O prazer de voltar a Faro é imenso, infindável e já aqui o referi muitas vezes, porém o frenesim que se instala em mim sempre que visito uma cidade nova nem que seja por uma tarde como foi o caso ora referido de Eindhoven é difícil de explicar. Às vezes gostaria de não ter ficado tanto tempo estagnado em Faro e de ter saído mais cedo, ter descoberto mais coisas, ter mais carimbos no passaporte e mais experiência de vida. Mas o devaneio dura pouco e escrevo num céu algures entre a Alemanha e a Polónia porque D. Varsóvia espera-me, umas vezes uma simpática e trémula velhinha de cabelos brancos curvada pelo peso da sua história arrasadora, outras uma amazona implacável e autoritária que não se deixa comover com as limitações das pessoas e que as suga até às últimas das suas capacidades e energias, outras ainda irresistivelmente sensual, Circe eslava que apaixona e enfeitiça o comum dos mortais até o deixar inapelavelmente ajoelhado aos seus pés.
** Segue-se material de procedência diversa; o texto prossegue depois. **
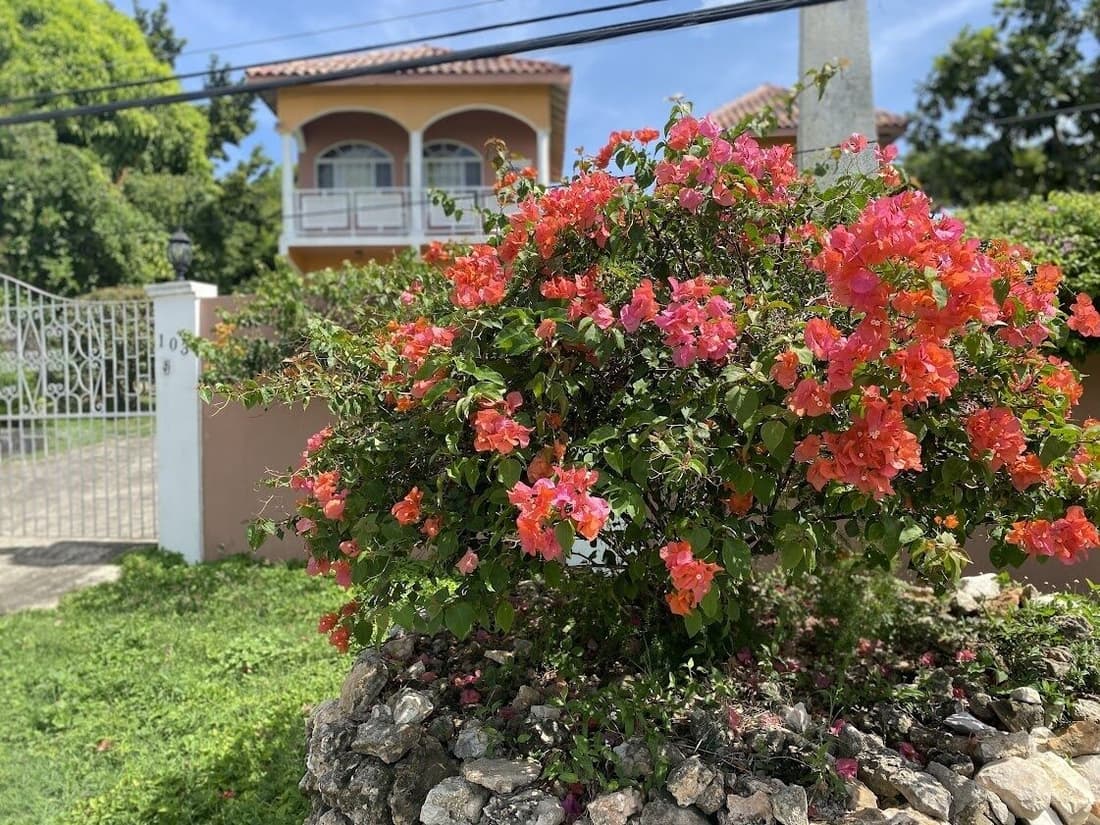 YanceyLargo- 4BR Villa Jacuzzi & Mountain Views by RedAwning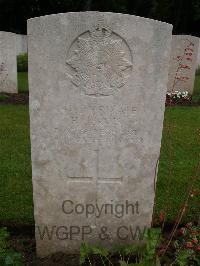 Etaples Military Cemetery - Jervis, H
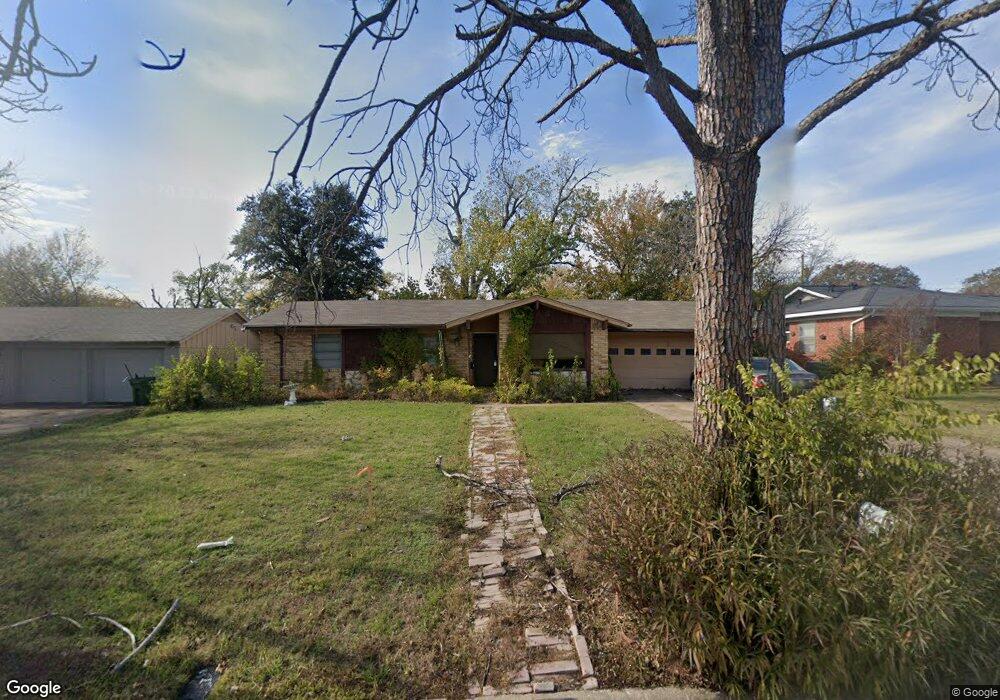829 Mccurry Ave, Bedford, TX 76022 - photo 1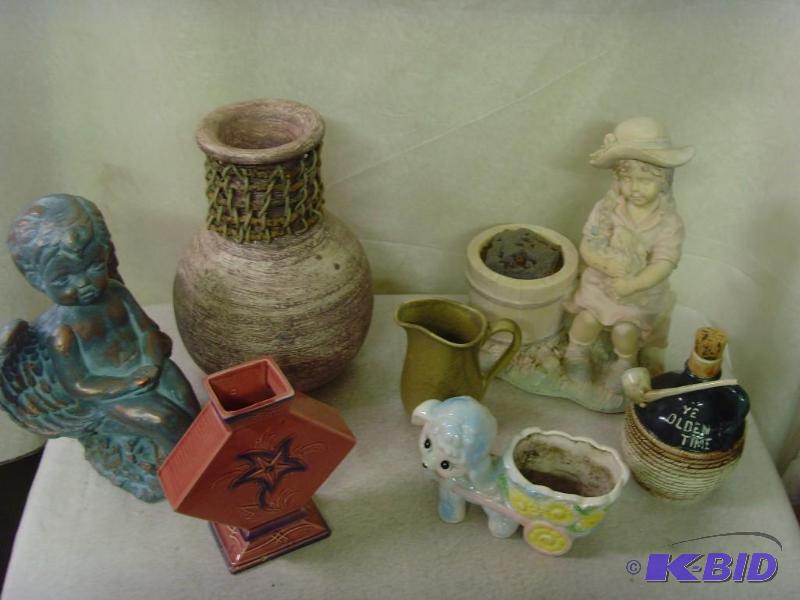 lot 36 image: Outdoor & Indoor Decor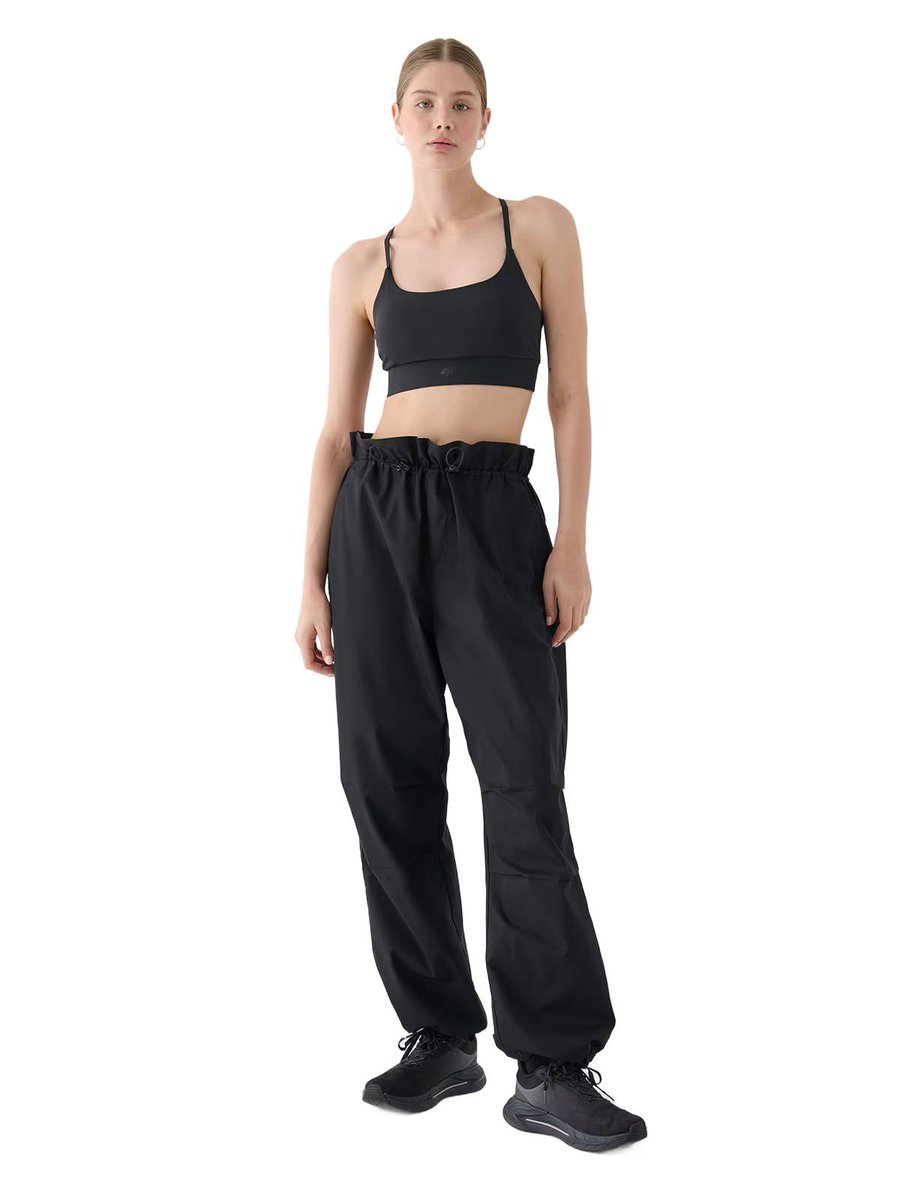 4F Spodnie casual parachute oversize damskie 4FRSS24TTROF1330-20S Czarny Roz. L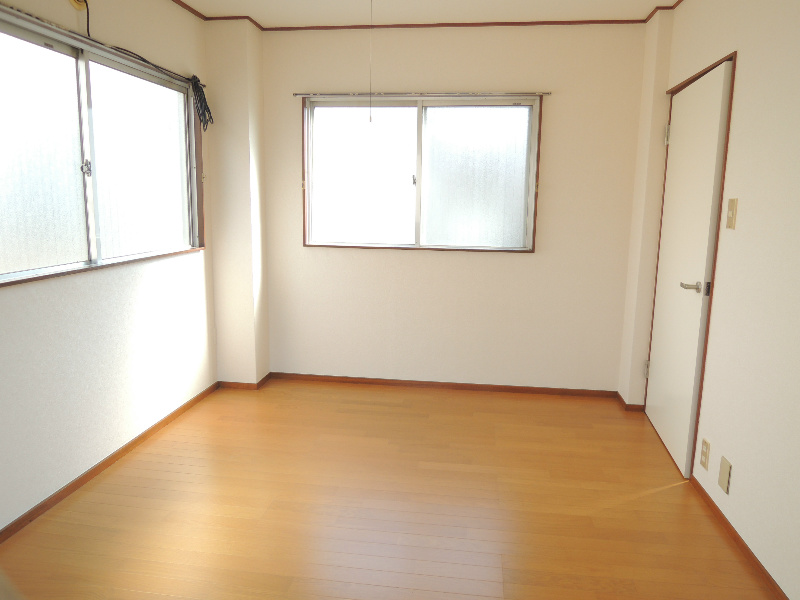 Other room space. In three-sided lighting is bright rooms ☆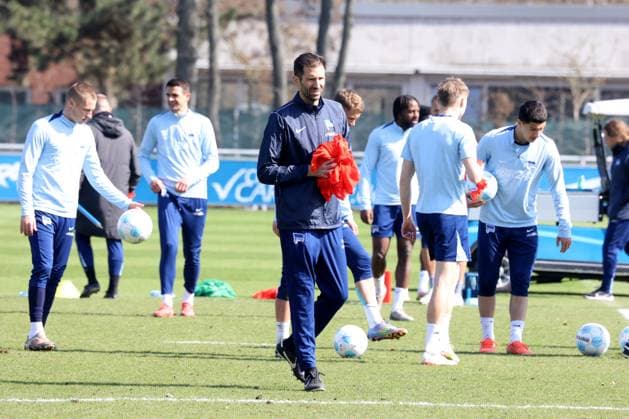 DEU, DFL, 2. FBL Hertha BSC, Training, 02.04.2025, Sportforum, Berlin, DEU, DFL, 2. FBL Hertha BSC, Training, im Bild Cheftrainer Stefan Leitl (Hertha BSC Berlin), Hertha-Spielerkreis DFL - regulations prohibit any use of Photographs as image sequences and or quasi-video Foto: Juergen Engler nordphoto GmbH nordphotoxGmbHx xEngler nph00076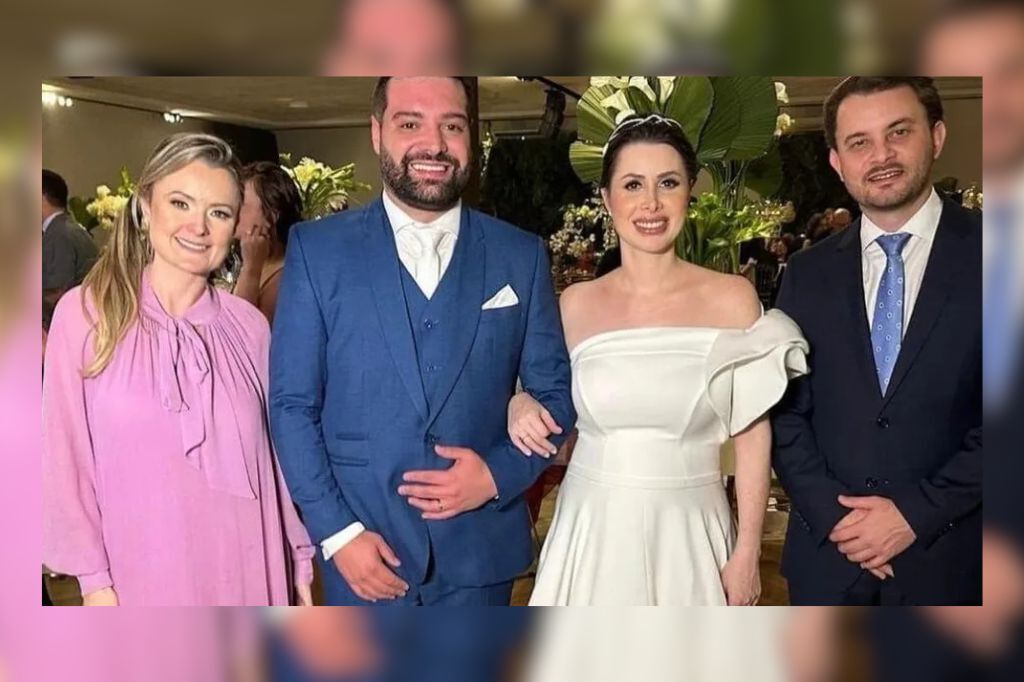  - Julia Zanatta e o marido no casamento de Carol de Toni — Foto: Reprodução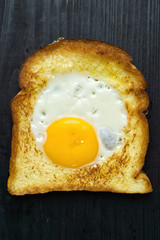 egg in a hole fried sandwich breakfast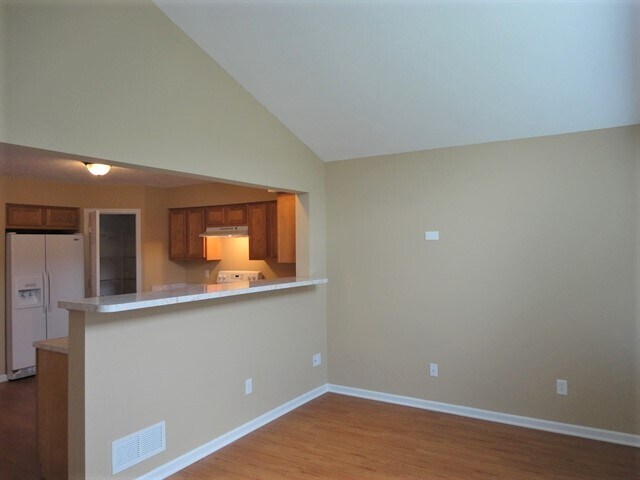 Foto del edificio - 7676 Mourning Dove Ln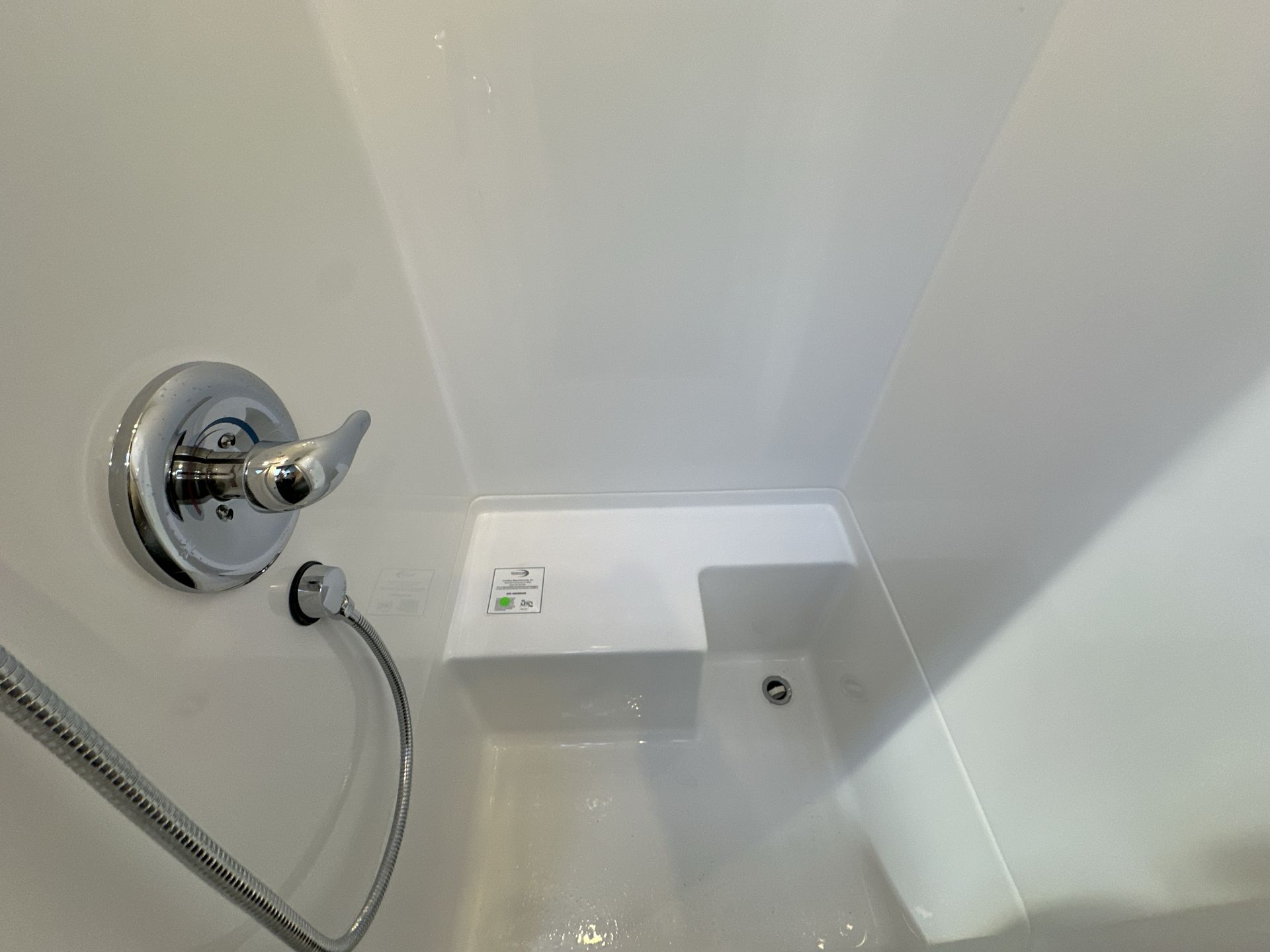 2026 Airstream 27FBQ Base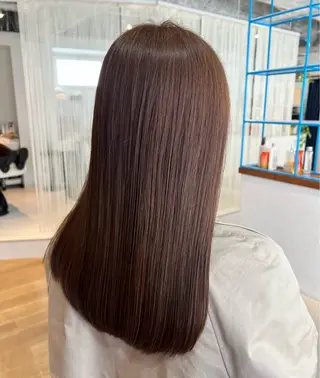 ロング カラー 伊藤 かなのヘアスタイル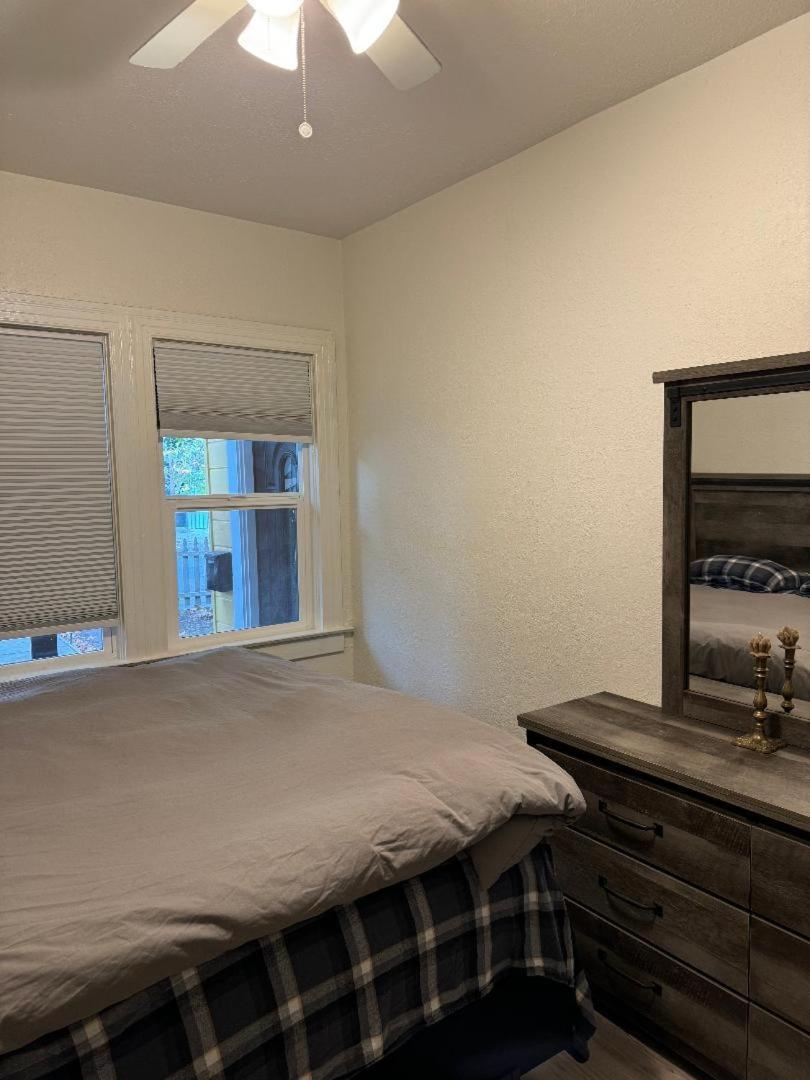 Bumblebee House Apartman Oakland Kültér fotó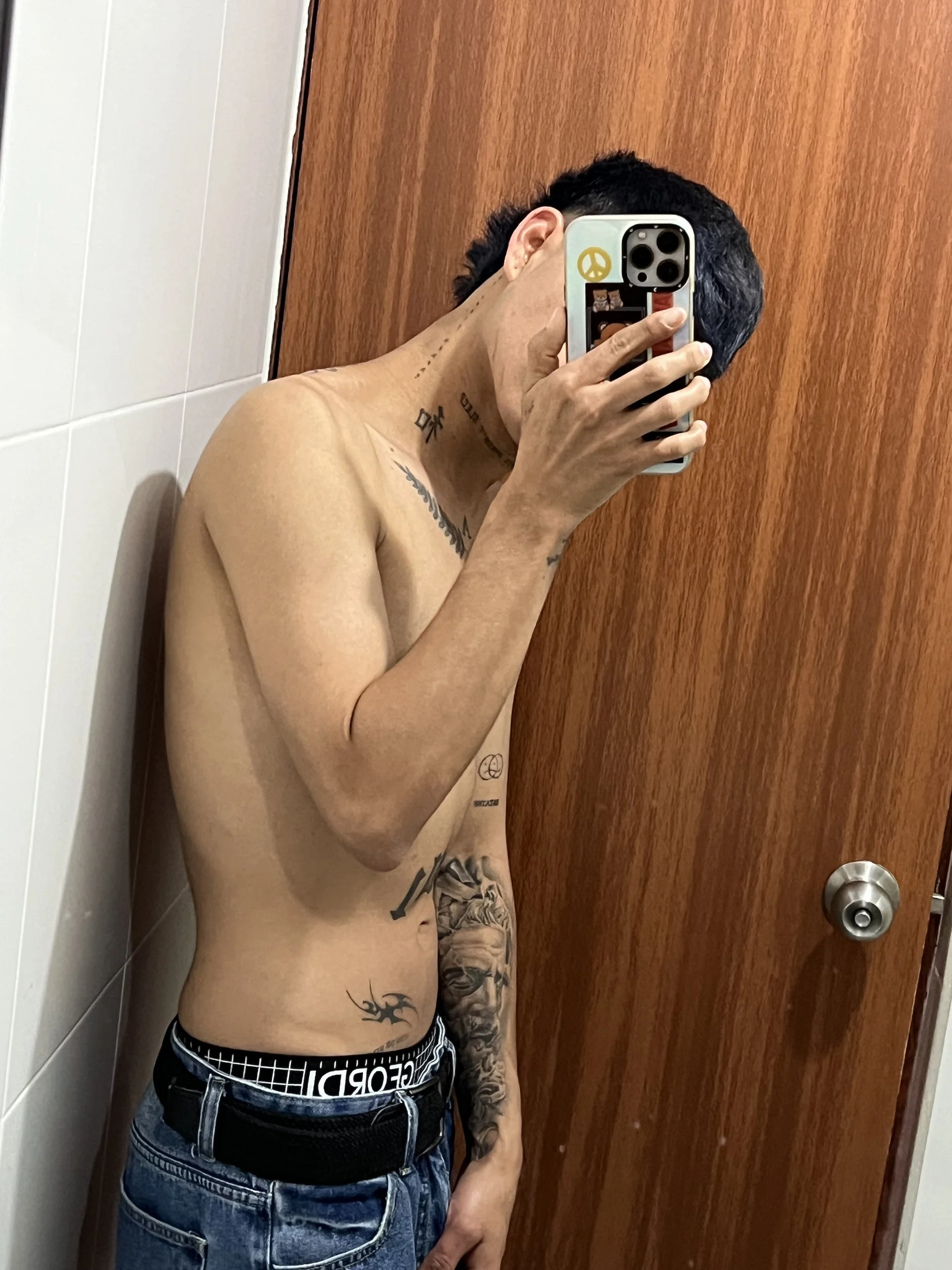 XXX Porn Photo of Nude lukasstrong_ 20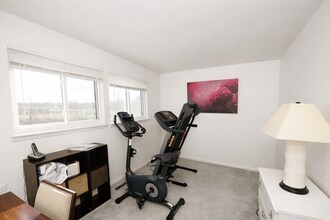 10L Dennison Dr, Unit Lake view in East Windsor, NJ - Building Photo - Building Photo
Como amanhã, a partir das 6:30, ela ter-me-á uma vez mais como um seu servo, patroa déspota e sem coração que me exige tudo durante a semana mas que se escarcha em prazeres para mim no fim de semana. Aqui vou eu, Varsóvia, pronto para ti. Que tenhamos os dois um belo 2011! ps – Um abraço especial para o Panda cujas passagens de ano nunca mais serão as mesmas. Ânimo, amigo. Quem tem um pai que cultivou tanta amizade e tanto respeito não pode estar triste por ter partido mas orgulhoso pelo que ele fez enquanto vivo. Às vezes, nos dias piores, lembro-me dele, a voz rouca a puxar por mim enquanto alongávamos no fim dos treinos: “Vamos lá, Soviético! Mais um milímetro, mais um milímetro. Isto é o Farense, não é o Parragil” E eu lá me estico mais um milímetro e vou levando a água ao moinho.